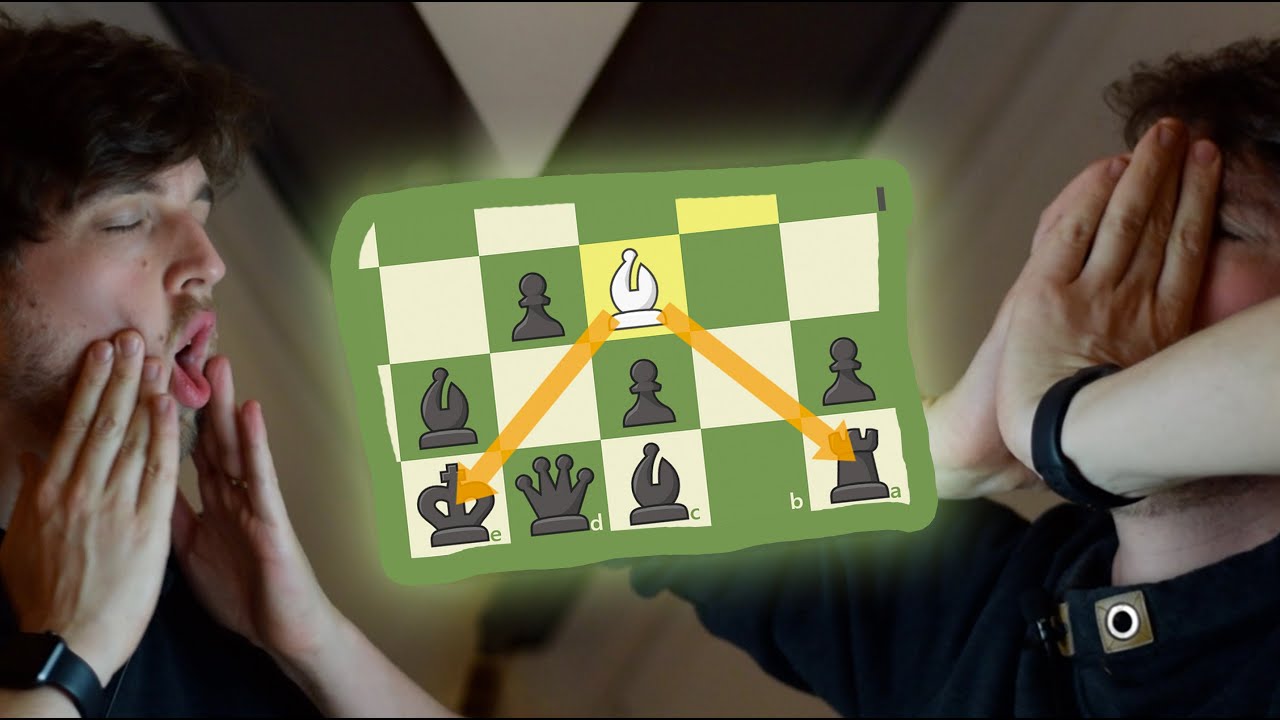 Spannung und Entspannung | Schach-Mattze #1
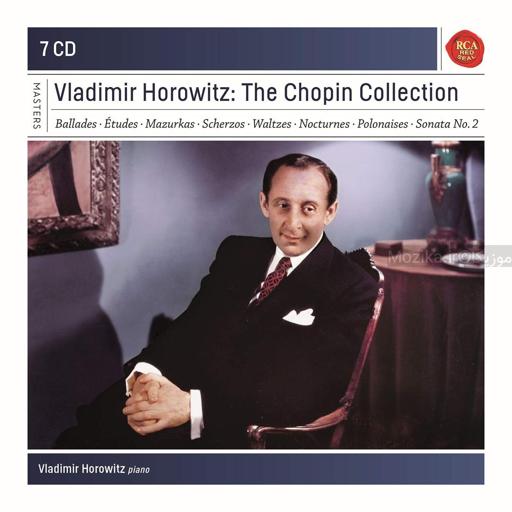 Vladimir Horowitz - The Chopin Collection [CD#1]
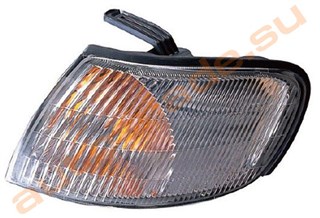 Габарит Nissan Almera Иркутск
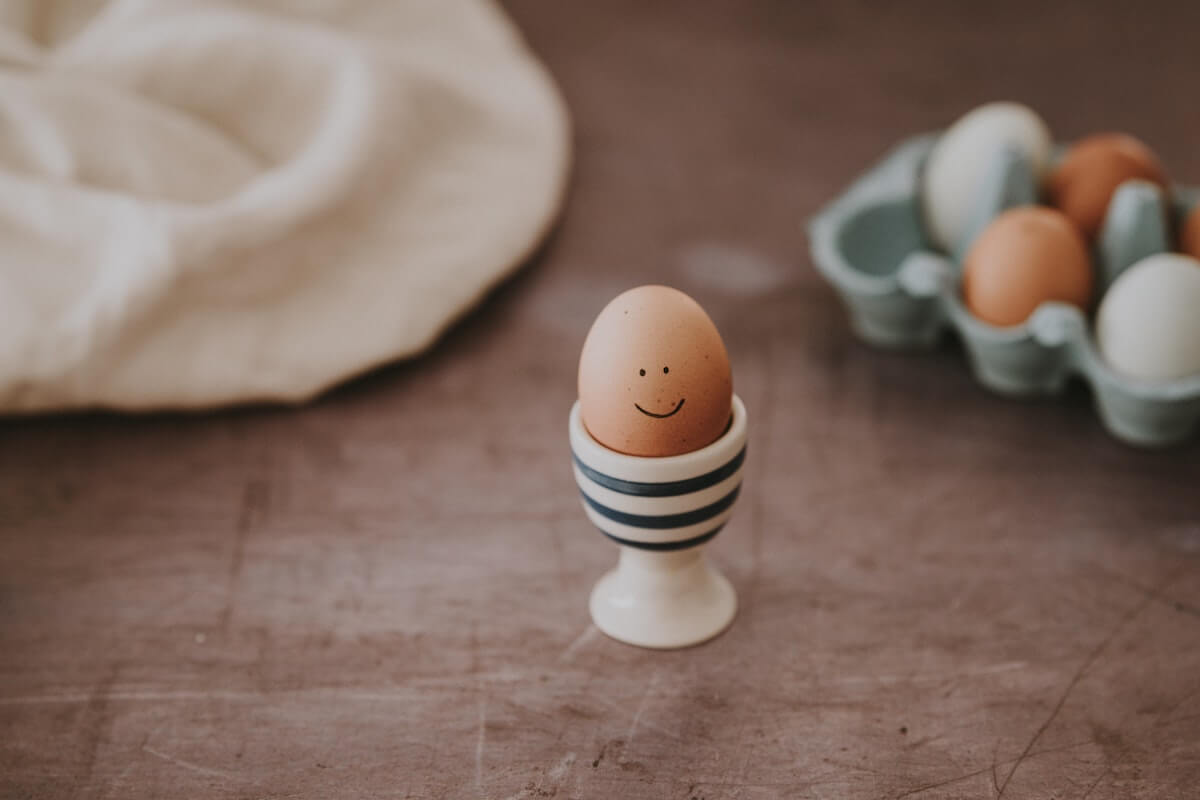 ゆで卵ダイエットの効果とその方法とは
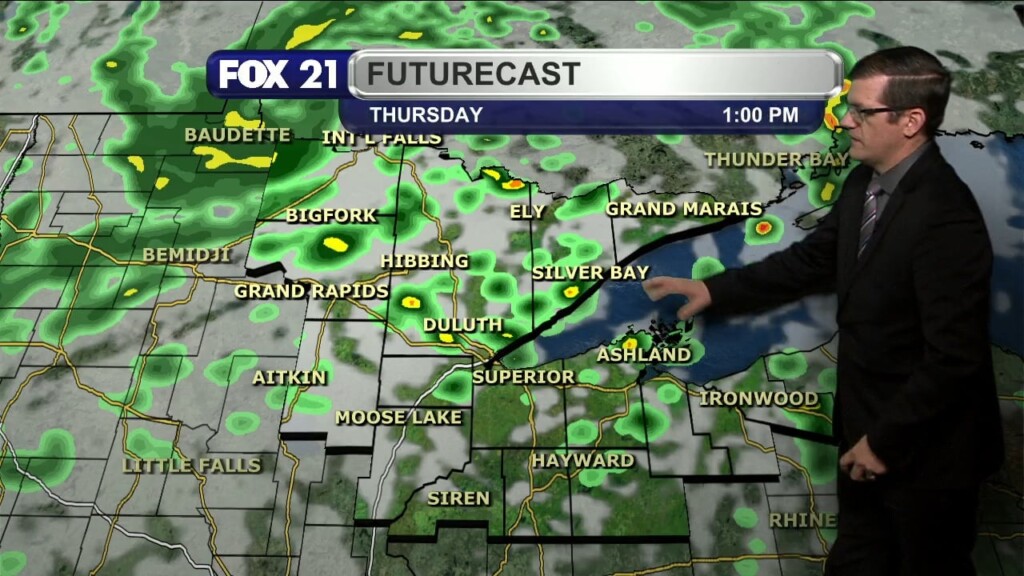 Thursday, October 5, 2023 Morning Forecast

WHAT TO PRODUCE: In your reply, please set down exactly the lines from the one containing "ゆで卵ダイエットの効果とその方法とは" through the end of the records, with the pictures left out.

ANSWER SPACE:
 ゆで卵ダイエットの効果とその方法とは
 Thursday, October 5, 2023 Morning Forecast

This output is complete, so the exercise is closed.